Wireless carrier Open Mobile officially announced the birth of a new business model with which it will break away from the strictly prepaid, no-contract structure it has offered since entering the market more than five years ago.
The carrier also announced the availability of its $250 million 4G Long-Term Evolution digital network throughout most of Puerto Rico, as well as parts of the island municipalities of Vieques and Culebra.
“Today our network offers the most islandwide coverage in comparison to the others. We’re the first to launch true 4G LTE islandwide service,” said Josué González, marketing director of Open Mobile, during a sit-down interview with News is my Business prior to a news conference with other members of the Puerto Rican press corp.
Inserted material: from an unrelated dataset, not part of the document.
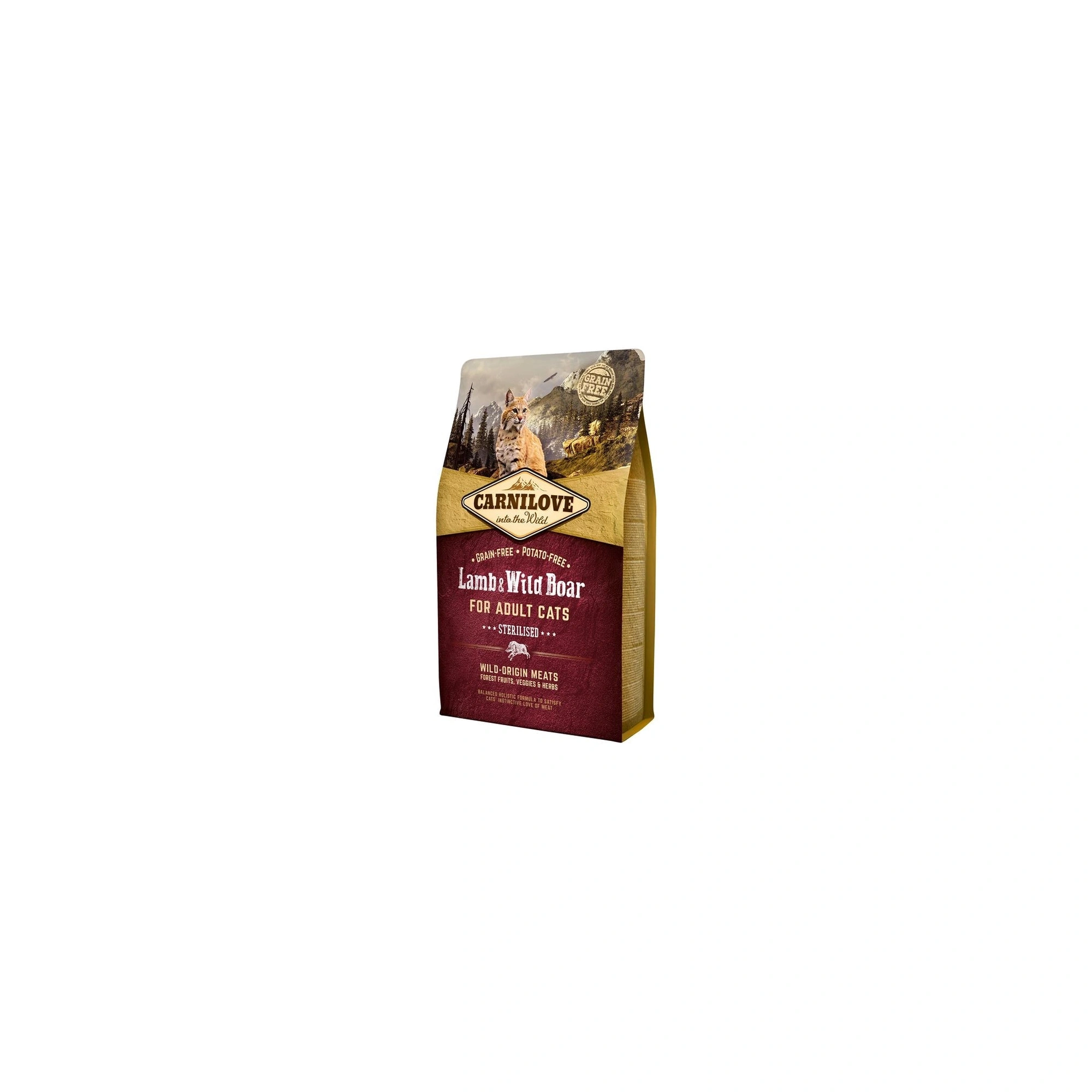 Carnilove Cat Adult Lamb & Wild Boar Sterilised- Bárány & vaddisznó Hússal 2kg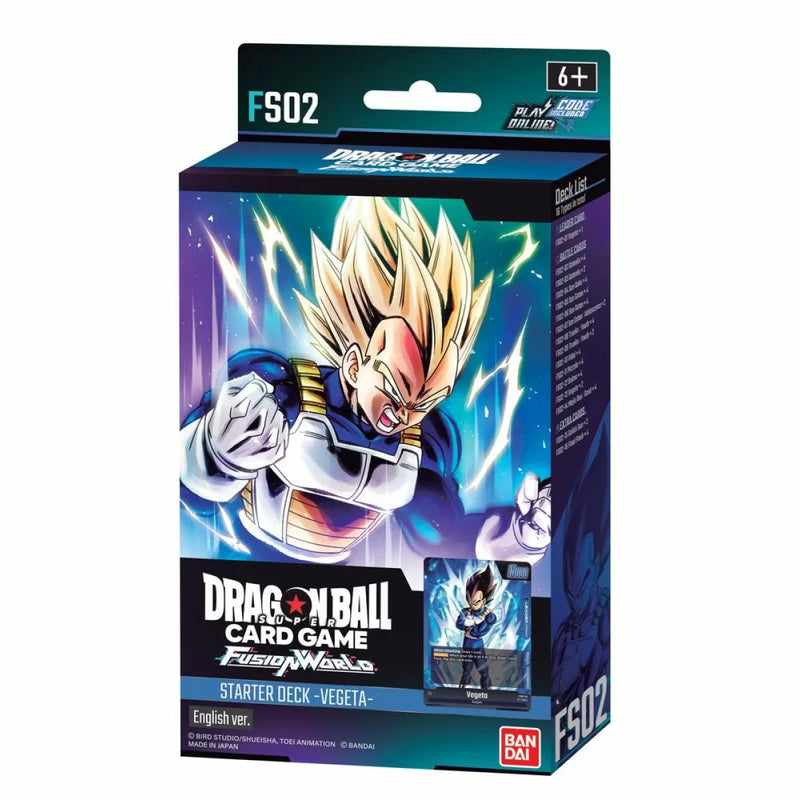 Dragon Ball Super Card Game Fusion World Starter Deck Vegeta (FS02)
It was a year ago this month that this media outlet first reported on Open Mobile’s plans to launch the next-generation 4G LTE network that now offers its data-hungry smartphone users download speeds of between five and 12 megabits per second, and uploads of 3 megabits per second.
Looking to employ its new network to the fullest, Open Mobile also announced the availability of new billing options and plans that give customers control over their wireless expenses.
For the first time since 2007, the carrier will launch its “Open Agreement,” giving customers the option to choose how much they want to pay for the device of their choice, according to the term of the contract chosen. Clients can opt for agreements lasting 12, 18 or 24 months, which will directly play upon the price of their smartphone, González said.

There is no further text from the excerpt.